# Schiff on Bartók



## tdc (Jan 17, 2011)

Some interesting thoughts on Bartók from András Schiff:






- Bartók was an uncompromising artist - not a pragmatist, like Stravinsky.






- The second Piano Concerto is the hardest piano piece
- Not many of the great composers were atheists

I don't necessarily agree with Schiff on everything, but he is an intelligent man and I find his thoughts on composers like Bach and Bartok interesting.


----------



## Manxfeeder (Oct 19, 2010)

tdc said:


> e
> - None of the great composers were atheists


Technically, he said not many of the great composers were atheists.

But I appreciate hearing from someone that passionate about the composer. He spurred me to listen to the concertos tonight, which for some reason I haven't paid much attention to.


----------



## tdc (Jan 17, 2011)

Manxfeeder said:


> I appreciate hearing from someone that passionate about the composer. He spurred me to listen to the concertos tonight, which for some reason I haven't paid much attention to.


That's great, they are three unique works at a very high level of artistry and craftsmanship, challenging to perform and to some listeners fairly challenging (I took to the first two right away myself). The third I think is the more conservative of the three, its really grown on me and I find it a beautiful, and touching work.



Manxfeeder said:


> Technically, he said not many of the great composers were atheists.

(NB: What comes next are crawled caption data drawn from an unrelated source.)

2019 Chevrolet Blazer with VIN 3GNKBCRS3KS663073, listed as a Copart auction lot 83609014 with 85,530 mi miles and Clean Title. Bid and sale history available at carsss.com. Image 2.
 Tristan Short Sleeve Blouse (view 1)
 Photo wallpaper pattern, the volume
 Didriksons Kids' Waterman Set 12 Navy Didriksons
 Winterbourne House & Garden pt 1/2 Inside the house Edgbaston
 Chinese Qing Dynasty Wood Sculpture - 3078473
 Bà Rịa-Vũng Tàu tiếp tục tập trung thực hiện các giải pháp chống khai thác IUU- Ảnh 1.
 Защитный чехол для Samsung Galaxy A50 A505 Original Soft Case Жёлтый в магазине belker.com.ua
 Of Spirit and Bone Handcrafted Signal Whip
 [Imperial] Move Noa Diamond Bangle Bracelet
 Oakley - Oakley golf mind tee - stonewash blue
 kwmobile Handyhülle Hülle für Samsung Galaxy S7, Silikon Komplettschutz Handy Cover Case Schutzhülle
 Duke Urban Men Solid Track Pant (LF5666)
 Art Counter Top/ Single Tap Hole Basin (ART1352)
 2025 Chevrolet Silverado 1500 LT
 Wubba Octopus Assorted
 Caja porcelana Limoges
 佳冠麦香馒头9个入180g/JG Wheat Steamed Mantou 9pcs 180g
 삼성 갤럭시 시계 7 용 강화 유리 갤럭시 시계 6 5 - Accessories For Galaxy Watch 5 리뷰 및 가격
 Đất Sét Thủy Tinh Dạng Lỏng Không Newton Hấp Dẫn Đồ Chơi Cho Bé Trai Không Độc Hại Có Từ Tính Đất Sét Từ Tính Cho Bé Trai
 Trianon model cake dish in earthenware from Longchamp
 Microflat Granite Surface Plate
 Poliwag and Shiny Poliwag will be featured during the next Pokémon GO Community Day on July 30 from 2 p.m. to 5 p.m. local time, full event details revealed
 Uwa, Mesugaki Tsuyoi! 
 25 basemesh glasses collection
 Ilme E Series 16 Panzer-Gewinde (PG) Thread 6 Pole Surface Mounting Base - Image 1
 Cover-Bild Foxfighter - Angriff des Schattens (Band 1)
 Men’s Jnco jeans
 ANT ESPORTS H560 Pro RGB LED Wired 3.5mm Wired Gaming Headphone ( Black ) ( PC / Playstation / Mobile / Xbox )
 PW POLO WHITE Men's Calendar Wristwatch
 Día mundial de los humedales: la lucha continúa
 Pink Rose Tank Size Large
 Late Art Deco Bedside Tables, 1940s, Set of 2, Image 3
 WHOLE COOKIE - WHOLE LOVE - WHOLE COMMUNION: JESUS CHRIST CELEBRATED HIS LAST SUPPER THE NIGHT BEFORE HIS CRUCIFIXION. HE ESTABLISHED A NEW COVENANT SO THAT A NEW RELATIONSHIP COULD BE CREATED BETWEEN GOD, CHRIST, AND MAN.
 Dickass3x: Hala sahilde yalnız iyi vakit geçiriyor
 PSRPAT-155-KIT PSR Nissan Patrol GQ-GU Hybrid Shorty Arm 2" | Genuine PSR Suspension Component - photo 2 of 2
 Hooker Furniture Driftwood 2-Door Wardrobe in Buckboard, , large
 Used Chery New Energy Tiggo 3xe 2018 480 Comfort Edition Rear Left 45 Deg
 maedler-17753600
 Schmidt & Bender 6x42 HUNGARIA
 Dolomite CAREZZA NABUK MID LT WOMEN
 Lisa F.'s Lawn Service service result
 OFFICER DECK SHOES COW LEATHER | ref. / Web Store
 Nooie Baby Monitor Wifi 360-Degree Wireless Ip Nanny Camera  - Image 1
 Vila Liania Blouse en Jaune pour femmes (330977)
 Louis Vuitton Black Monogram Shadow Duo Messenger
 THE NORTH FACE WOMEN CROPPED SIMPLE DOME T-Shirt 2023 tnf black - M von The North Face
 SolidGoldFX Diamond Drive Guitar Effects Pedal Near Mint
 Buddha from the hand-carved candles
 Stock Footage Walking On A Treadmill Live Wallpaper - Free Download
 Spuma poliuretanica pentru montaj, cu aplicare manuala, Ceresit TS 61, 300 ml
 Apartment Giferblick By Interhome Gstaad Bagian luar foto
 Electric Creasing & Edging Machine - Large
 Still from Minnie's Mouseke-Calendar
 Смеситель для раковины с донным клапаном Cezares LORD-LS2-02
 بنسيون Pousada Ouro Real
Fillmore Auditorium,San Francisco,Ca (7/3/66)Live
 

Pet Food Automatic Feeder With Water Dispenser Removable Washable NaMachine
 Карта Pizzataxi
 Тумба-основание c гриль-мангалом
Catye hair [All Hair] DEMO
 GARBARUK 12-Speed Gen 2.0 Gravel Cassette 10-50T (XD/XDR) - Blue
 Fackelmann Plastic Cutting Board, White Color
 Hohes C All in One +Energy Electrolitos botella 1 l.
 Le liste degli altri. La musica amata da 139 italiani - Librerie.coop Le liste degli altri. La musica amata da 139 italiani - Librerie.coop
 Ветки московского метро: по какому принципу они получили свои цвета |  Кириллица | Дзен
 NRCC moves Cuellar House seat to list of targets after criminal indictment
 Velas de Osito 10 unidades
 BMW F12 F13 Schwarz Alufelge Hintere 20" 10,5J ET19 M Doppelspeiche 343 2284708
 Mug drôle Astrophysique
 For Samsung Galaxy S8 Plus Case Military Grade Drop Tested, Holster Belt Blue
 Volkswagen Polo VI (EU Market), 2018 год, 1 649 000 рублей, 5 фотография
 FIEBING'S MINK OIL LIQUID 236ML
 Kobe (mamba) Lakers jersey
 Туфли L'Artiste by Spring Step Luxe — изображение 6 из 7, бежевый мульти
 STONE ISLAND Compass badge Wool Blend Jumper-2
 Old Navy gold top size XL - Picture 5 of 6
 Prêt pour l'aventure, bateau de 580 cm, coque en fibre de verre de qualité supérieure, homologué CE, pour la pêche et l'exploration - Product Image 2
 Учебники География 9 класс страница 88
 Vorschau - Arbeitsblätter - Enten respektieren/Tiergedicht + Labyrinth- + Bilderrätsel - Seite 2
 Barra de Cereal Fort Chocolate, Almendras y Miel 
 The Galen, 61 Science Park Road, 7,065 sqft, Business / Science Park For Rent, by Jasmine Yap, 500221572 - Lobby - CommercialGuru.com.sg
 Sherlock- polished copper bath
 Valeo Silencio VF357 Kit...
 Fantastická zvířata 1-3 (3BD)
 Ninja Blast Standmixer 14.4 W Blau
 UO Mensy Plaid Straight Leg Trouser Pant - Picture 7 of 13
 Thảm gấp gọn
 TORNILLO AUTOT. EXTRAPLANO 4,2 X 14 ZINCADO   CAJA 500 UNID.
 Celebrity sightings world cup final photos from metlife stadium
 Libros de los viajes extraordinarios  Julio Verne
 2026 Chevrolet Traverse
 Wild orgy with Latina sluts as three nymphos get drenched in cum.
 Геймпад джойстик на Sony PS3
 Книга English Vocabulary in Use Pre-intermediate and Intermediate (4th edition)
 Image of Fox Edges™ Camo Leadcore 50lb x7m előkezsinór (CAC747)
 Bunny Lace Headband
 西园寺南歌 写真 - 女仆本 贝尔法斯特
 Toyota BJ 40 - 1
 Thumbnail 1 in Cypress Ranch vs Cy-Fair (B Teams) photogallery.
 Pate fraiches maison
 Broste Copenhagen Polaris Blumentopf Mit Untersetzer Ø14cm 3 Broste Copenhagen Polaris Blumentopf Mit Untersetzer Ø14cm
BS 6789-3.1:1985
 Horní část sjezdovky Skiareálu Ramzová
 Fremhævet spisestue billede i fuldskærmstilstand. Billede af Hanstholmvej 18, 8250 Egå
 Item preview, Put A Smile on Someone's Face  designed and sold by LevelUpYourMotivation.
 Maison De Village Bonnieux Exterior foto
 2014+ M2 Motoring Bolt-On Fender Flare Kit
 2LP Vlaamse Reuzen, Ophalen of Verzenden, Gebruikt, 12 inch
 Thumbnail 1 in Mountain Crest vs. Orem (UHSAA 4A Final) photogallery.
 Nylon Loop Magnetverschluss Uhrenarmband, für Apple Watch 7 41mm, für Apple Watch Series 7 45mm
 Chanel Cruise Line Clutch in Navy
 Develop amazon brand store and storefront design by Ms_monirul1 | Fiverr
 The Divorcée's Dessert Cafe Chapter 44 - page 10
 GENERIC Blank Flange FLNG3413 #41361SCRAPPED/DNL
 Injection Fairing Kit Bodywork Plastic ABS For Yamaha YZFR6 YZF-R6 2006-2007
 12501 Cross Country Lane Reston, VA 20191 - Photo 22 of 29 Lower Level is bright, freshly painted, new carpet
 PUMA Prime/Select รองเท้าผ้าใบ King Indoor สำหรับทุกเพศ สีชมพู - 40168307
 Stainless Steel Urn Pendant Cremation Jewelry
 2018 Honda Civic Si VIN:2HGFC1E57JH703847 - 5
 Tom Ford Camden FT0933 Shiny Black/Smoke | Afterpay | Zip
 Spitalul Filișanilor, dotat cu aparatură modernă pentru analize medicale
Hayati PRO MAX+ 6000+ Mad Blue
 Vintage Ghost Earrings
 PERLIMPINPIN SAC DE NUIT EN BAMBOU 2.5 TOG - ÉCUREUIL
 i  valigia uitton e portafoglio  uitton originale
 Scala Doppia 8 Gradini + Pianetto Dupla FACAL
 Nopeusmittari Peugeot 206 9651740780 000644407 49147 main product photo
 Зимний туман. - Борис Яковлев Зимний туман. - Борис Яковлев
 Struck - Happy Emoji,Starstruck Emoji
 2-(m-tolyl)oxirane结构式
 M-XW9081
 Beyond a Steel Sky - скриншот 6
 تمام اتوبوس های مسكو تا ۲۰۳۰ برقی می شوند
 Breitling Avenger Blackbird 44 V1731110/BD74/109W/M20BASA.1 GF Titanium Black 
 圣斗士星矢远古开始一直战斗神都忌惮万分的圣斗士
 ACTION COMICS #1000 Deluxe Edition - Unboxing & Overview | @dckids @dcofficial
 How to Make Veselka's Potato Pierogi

Thanks for pointing out my error, I edited the OP.


----------



## Lisztian (Oct 10, 2011)

I find Schiff insufferable.

He sure can play though...


----------



## CnC Bartok (Jun 5, 2017)

Thanks for posting this. I have similar feelings towards Bartók that Schiff has, without his rights so to feel, though....

I'd be interested to know if this interview was recorded before the recent death of another of the giant post-Bartok Hungarian pianists, Zoltan Kocsis. The two of them have had issues, Schiff will not return to Hungary while the current toxic atmosphere pervades there, while Kocsis was happy to stay and accommodate. Were his comments about Bartók's leaving his homeland pointed or overtly personal here?

I'd question whether Bartók had "found God" at the end, which I think Schiff is suggesting. Pedantic point, but although the "religioso" marking reappears for the Viola Concerto, wasn't that Tibor Serly's contribution?

And is the Second Piano Concerto no easier than the First? I'll be honest and say it was the first "difficult" piece I ever got first time, and it's intense beauty and joy of life has never left me. I reckon Bartok got it right!


----------



## Larkenfield (Jun 5, 2017)

Schiff's exact quote was this: "I don't know many great composers who have been atheists." It was a personal statement and he wasn't stating it as fact, though it appears that most composers were in fact not. Schiff is suggesting that Bartok may have changed toward the end of his life and developed something like religious feelings-there certainly seems to be something otherworldly, tender and hymn-like in the shimmering slow movement of the 3rd Concerto mixed in with some clashing discords)-but that doesn't always translate into a traditional view of religion such as believing a lot of religious dogma. (Brahms had similar feelings with regard to his German Requiem.) I agree that there was something uncompromising about Bartok throughout his life. Sometimes his music can come across as austere or astringent and sound rather forbidding, not always his fault but the way he is sometimes interpreted and performed, a good example being his great string quartets. I thought these were two good interviews and I'm glad tdc shared them.


----------



## Enthusiast (Mar 5, 2016)

Larkenfield said:


> Sometimes his music can come across as austere or astringent and sound rather forbidding, not always his fault but the way he is sometimes interpreted and performed, a good example being his great string quartets. I thought these were two good interviews and I'm glad tdc shared them.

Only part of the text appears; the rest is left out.